Sienna Miller: I was in New York. I’d been to a play or something at the beginning of March; I’d been on the subway. A friend of mine had a launch for this bag they were doing—it was for a charity—and I got a call saying that somebody from that party had tested positive. We all had to go into quarantine. I had rented this house upstate from November, just to see what that was like for six months. It was supposed to be a place to go on the weekends, and so my daughter could ride horses and have some form of kind of bucolic life. But it was amazingly fortuitous because we had a place to go.
One of the themes this year has been the complexity of parenthood. What have been the highs and lows for you and for Marlowe?
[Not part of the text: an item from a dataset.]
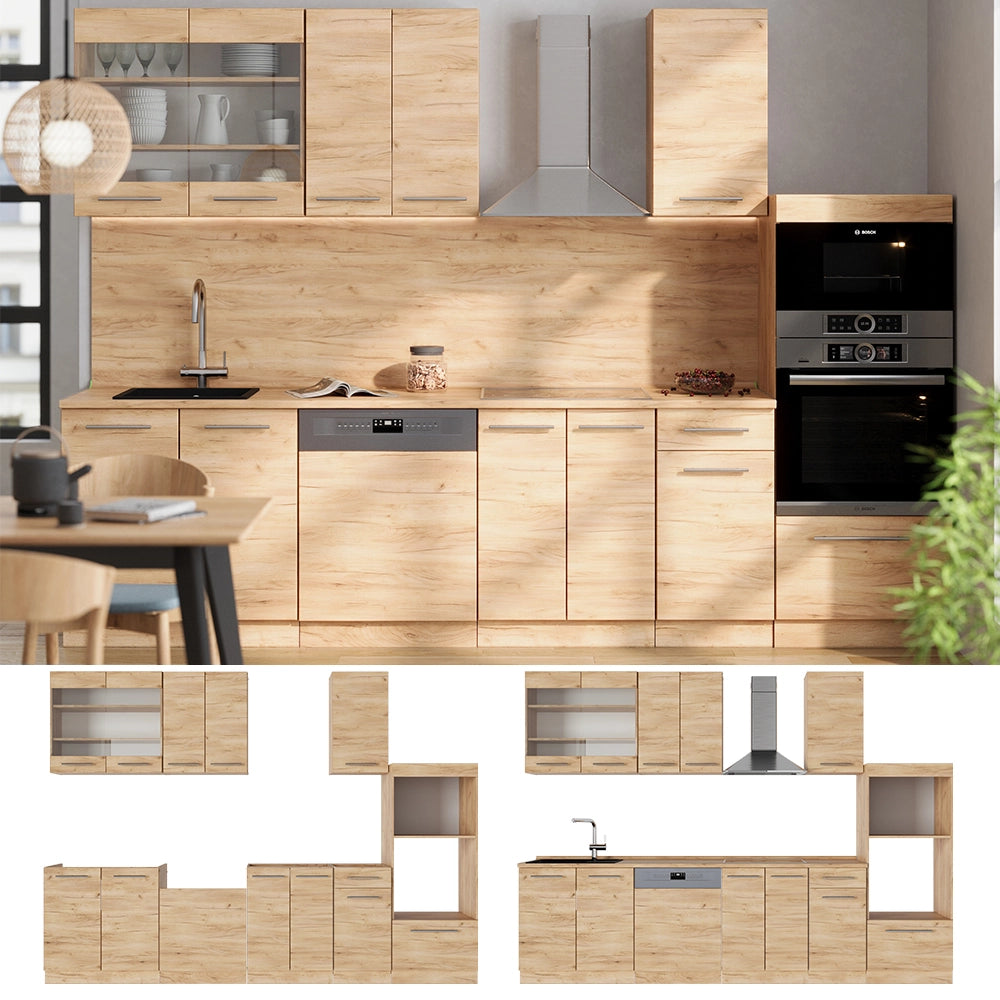 Cucina componibile Fame-Line Rovere dorato/Rovere dorato 300 cm con armadio alto, PL Antracite Vicco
At the beginning it was strange and it was scary, but we felt quite cozy; it was really cold, I remember, in March. It felt like a kind of perpetual snow day. The homeschooling was something to adapt to, but she was thrilled, and I sort of loved it at the beginning. I just became really domesticated—sort of a 1940s housewife. I wanted to become really autodidactic and learn a language and read every book I had never read, and then I was just baking bread and trying to be a teacher. I didn’t get an awful lot done except that. It just became exhausting for her to be on a screen for that long, the patience that’s required. She’s still young enough to kind of need guidance. I don’t know that teaching is a profession for me, but we did our best.
How have these past few months shaped your beauty habits?
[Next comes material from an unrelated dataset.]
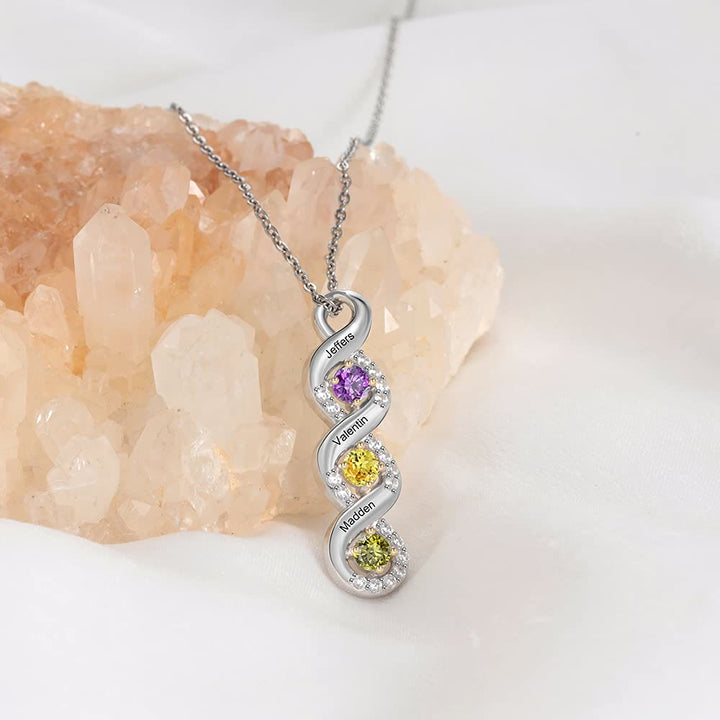 Collar con nombre grabado en piedra natal para mujer de Olivenorma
I think we all have more time on our hands. I dug out that Clarisonic brush thing. I don’t know how old the brush head is; I think it was a decade old, which is pretty revolting! I found the charger in the drawer, so I started using that. It was pretty great, actually. Then I started working with La Mer, so this care package came with the new concentrate and the crème—and if you are exfoliating to the degree that I was with this newfound old brush, and then using this incredible product, my skin actually became clearer than it’s ever been, which is strange. But I didn’t have an awful lot else to do besides pamper myself in moments.
What about hair management?
Actually I always cut everyone’s hair. It’s this weird skill that I have. We were quarantined with about eight people, and I became the hairdresser for everybody. I didn’t cut my own, but I cut Marlowe’s hair, and I did some pretty extreme cuts—a man who [went from] a long, tuck-behind-the-ear hairdo to a full short do. The scissors that I was using were the kitchen scissors, but anyway, it worked.
Did you delve into online fitness?
I had worked with this trainer, Joe Maysonet, when I played a cop in this movie 21 Bridges, and we would occasionally do a Zoom workout. It’s really hard to motivate unless I’m actually going somewhere and I’m in a room with someone else. But I did that, and I also did some Sunday morning yoga with this woman, Halle Becker, who’s incredible. Marlowe would kind of join in for the shavasana bit at the end. The girls that I was living with would do these 10-minute booty workouts, and we did some Jane Fonda stuff, which was pretty funny. But there was no consistent every single day I’m doing something. We were lucky because we were in the countryside, and so we could go for a walk. I’ve never been able to be that regimented when it comes to exercise. I try.